§ **Task**
Quote word for word the lines below, beginning with the first and ending with the one that has "In this case". Drop the pictures.

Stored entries
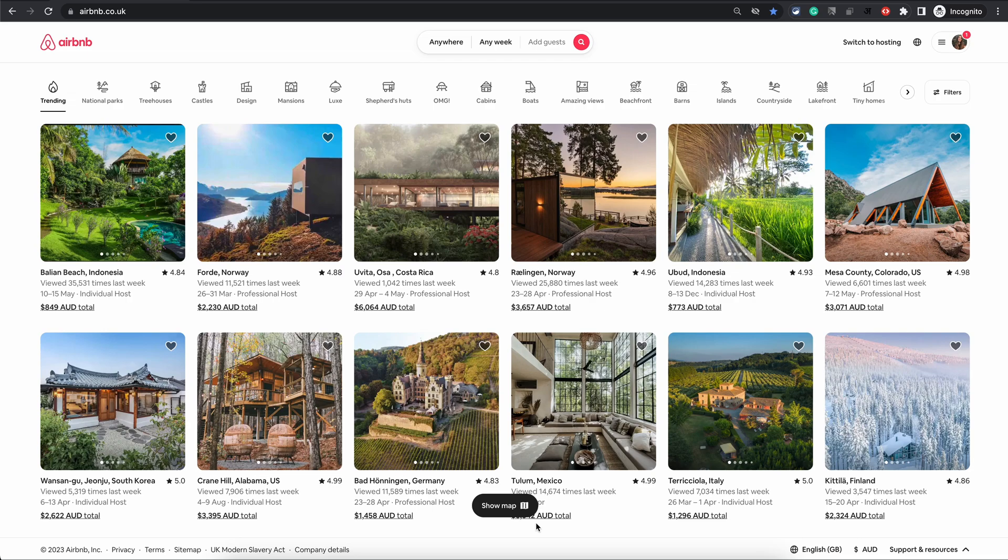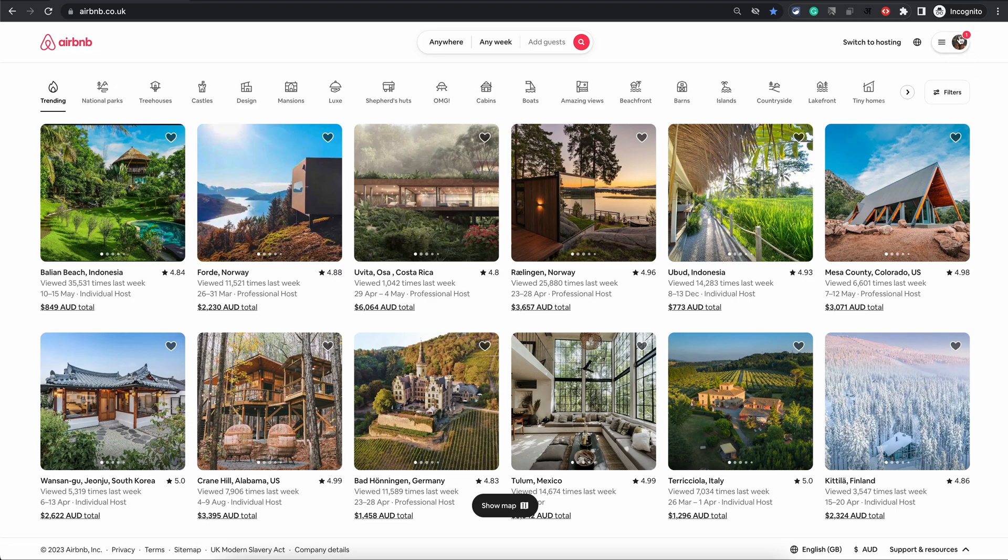In this video I will show you how to change your bank account on Airbnb. It's pretty simple once you know the navigation. Once you're logged into Airbnb from your computer, just go to the top right of the screen.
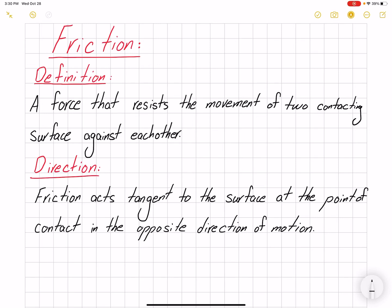Hello everyone. In this video I'm going to talk about friction. Friction is defined as a force that resists the movement of two contacting surfaces against each other. The direction of friction is tangent to the surface and it's in the opposite direction of motion.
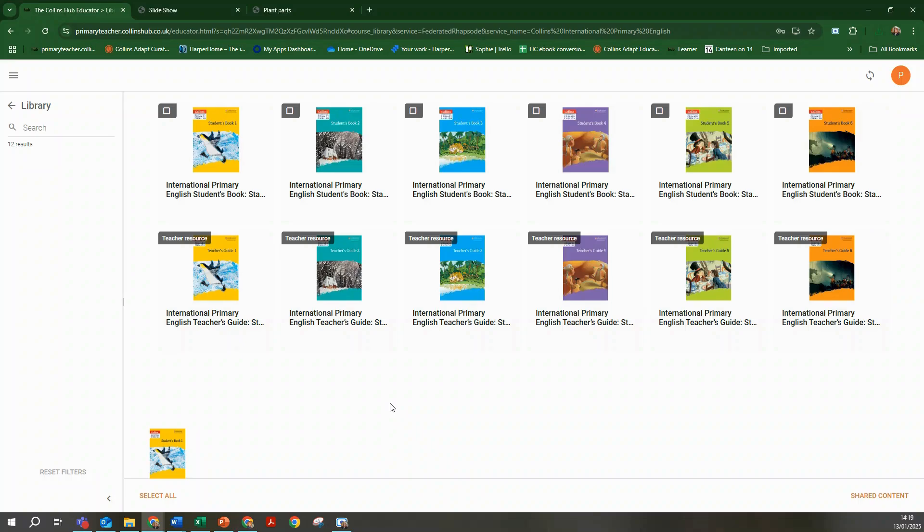In this case the teacher has access to all the student books and teacher guides for all stages 1 to 6.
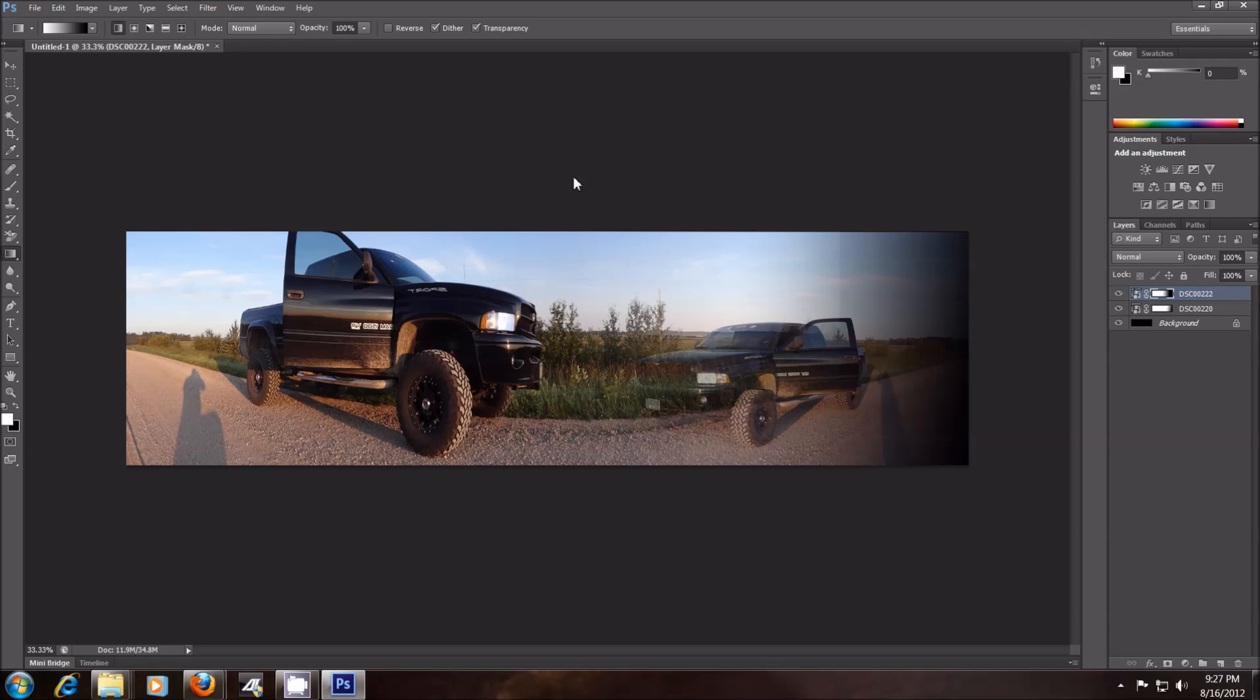That was just a quick tutorial on how to blend two images together with Adobe Photoshop. Appreciate it. If you like my videos, favorite, subscribe, share, and stay tuned for more. Thanks guys.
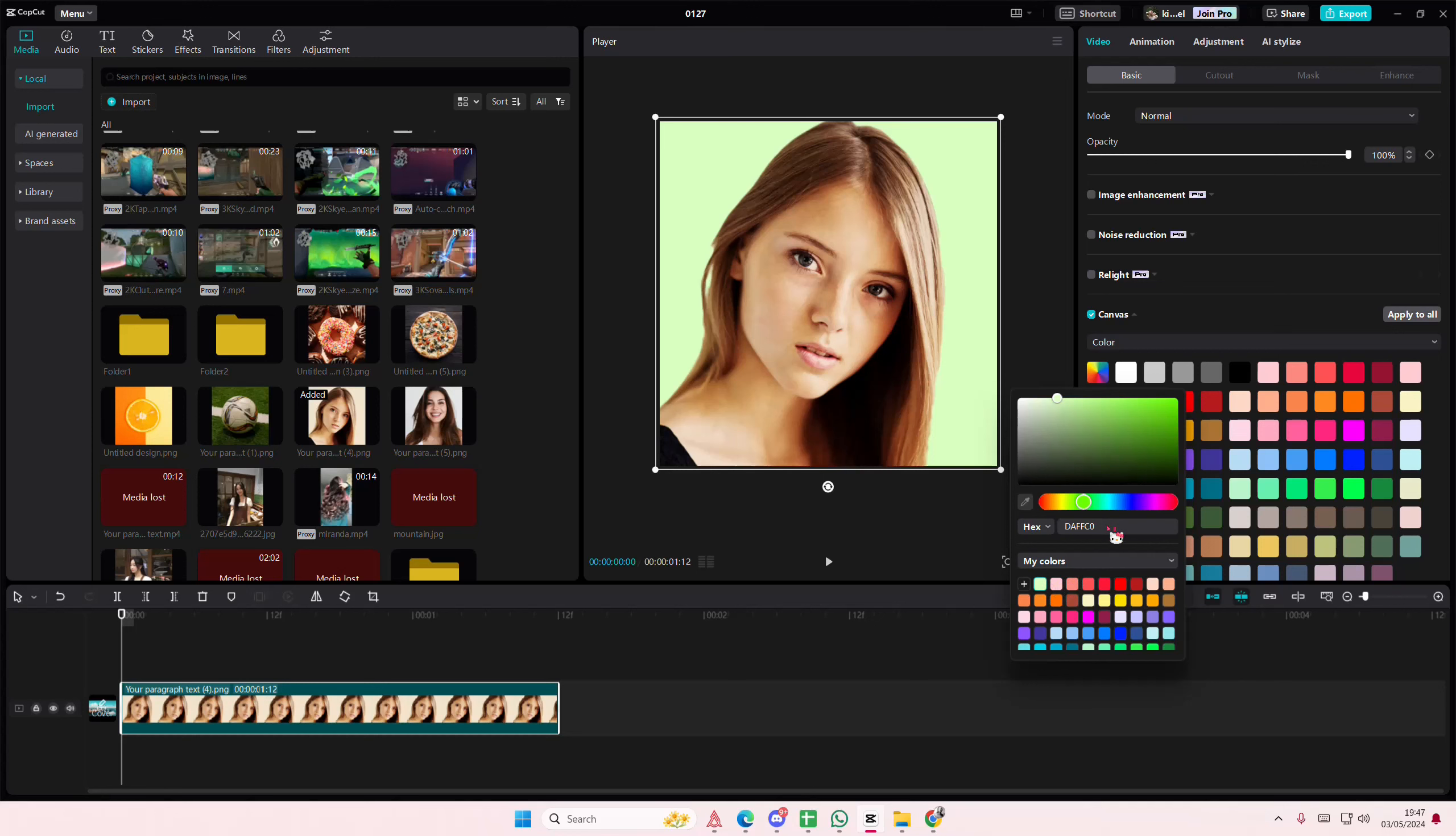You can also copy and paste hex colors and RGB here as well. But yeah, that is pretty much it.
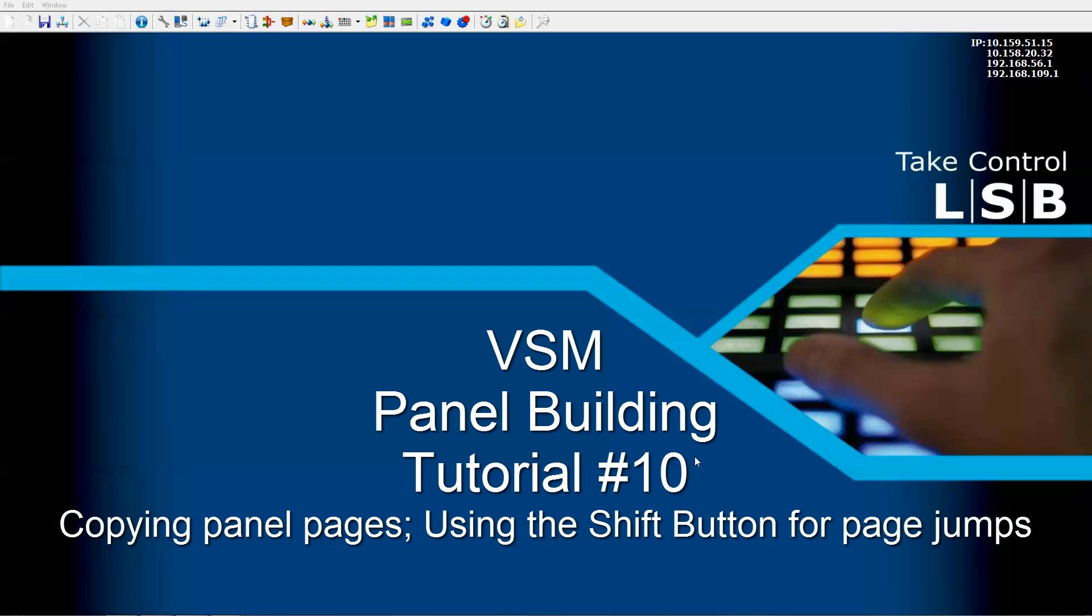Welcome to LAVO's VSM video training series on panel building. In this video, we're going to take a closer look at how to create additional pages by using the page copy feature.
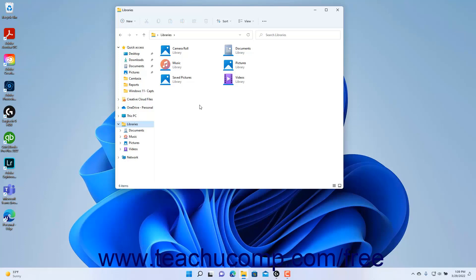You can add other folders to these libraries to search and back up the files within them using Windows. Note that subfolders contained within existing library folders are already considered part of the library, so you will not need to add those. However, you can add other folders on your computer to the libraries if needed and perform other library management tasks using File Explorer.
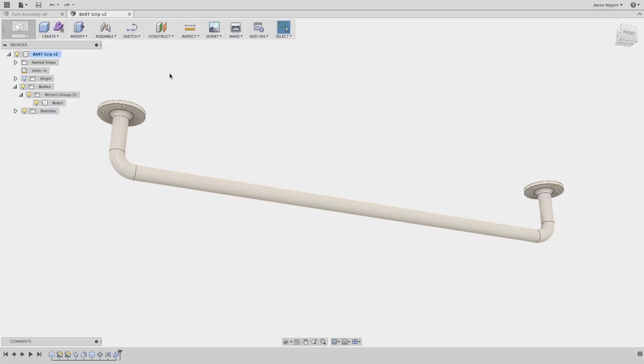Hey everyone, this is Aaron on the Fusion 360 team. In this quick tip we're going to be looking at simulation and more specifically mesh adaptation. A big part of finite element analysis is balancing mesh.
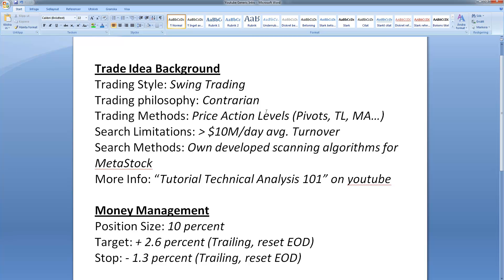I only look at charts with more than 10 million dollars in average daily turnover, or the equivalent in euros or pounds sterling. My search method comes from an own-developed scanning algorithm that I use with MetaStock. If you're interested in this philosophy of technical analysis, I urge you to take a look at my tutorial 'Technical Analysis 101' on my YouTube channel, Best Strategies for Trading.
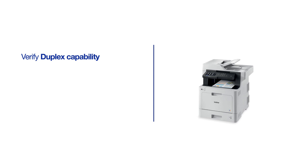Before beginning, be sure to verify that your model is capable of duplex printing. This information can be found in the user's manual or can be determined from the model number of your Brother machine.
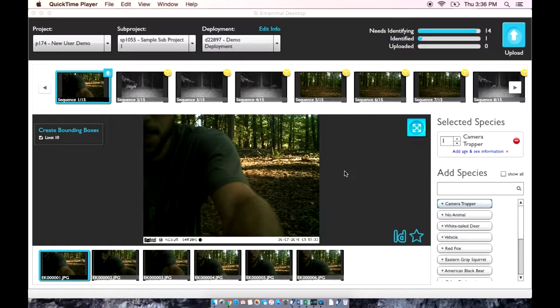Hello and welcome. In this video, we will show you how to use the eMAML desktop application to identify and upload your photos. Once the pictures have been imported and you've filled out the electronic data sheet, the app opens up and displays the sequences and the individual pictures in each sequence, which we can then identify.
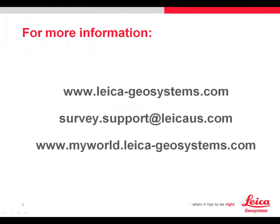As always, if you require more information, check our website at leica-geosystems.com. For support, send an email to survey.support at leicaus.com. Or you can make support inquiries and obtain other information from MyWorld. If you haven't registered for MyWorld, we'd recommend that you do so now.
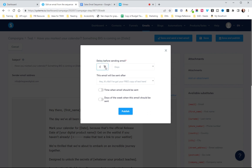But you can do multiple days, multiple hours, multiple minutes, whatever it is that you want to do is fine.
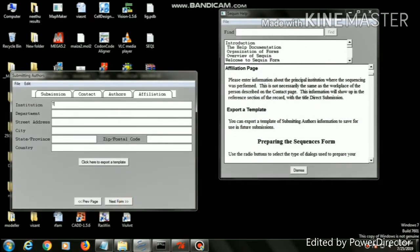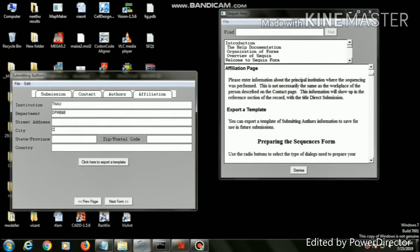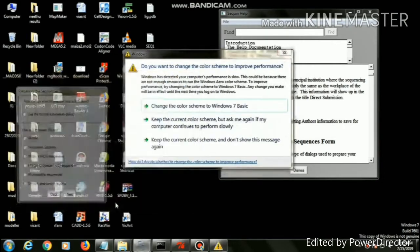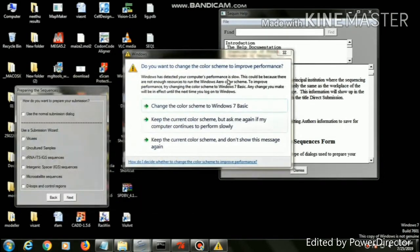Then give the author details and click next page. It will ask for institution name, department name, street name, city name, country name, state name, and postal or zip code. Then click next page. This information will show up in the reference section of the record with the title direct submission.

§ **The answer**
In this video I will show you how to change your bank account on Airbnb. It's pretty simple once you know the navigation. Once you're logged into Airbnb from your computer, just go to the top right of the screen.
Hello everyone. In this video I'm going to talk about friction. Friction is defined as a force that resists the movement of two contacting surfaces against each other. The direction of friction is tangent to the surface and it's in the opposite direction of motion.
In this case the teacher has access to all the student books and teacher guides for all stages 1 to 6.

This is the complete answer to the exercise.